Work item.
A faithful copy of the data below is required, leaving out every picture.

Dataset content.
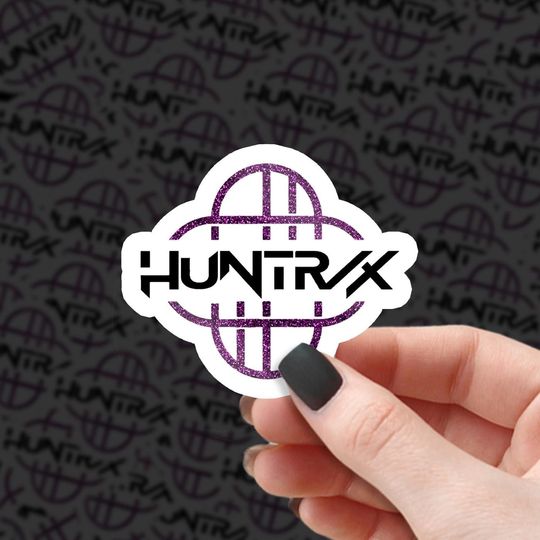 K-POP Demon Hunters HUNTRIX Logo Sticker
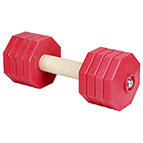 Buy Wooden Dumbbell for Schutzhund Training 'Fast Grip'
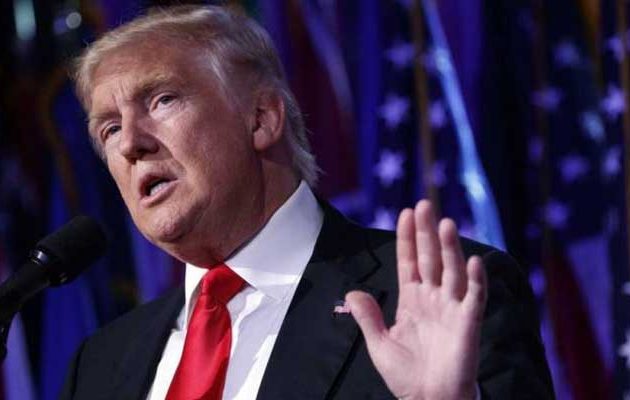 Tραμπ: Δεν κατέγραψα τις συνομιλίες με τον πρώην διευθυντή του FBI Κόμεϊ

Result for this task.
 K-POP Demon Hunters HUNTRIX Logo Sticker
 Buy Wooden Dumbbell for Schutzhund Training 'Fast Grip'
 Tραμπ: Δεν κατέγραψα τις συνομιλίες με τον πρώην διευθυντή του FBI Κόμεϊ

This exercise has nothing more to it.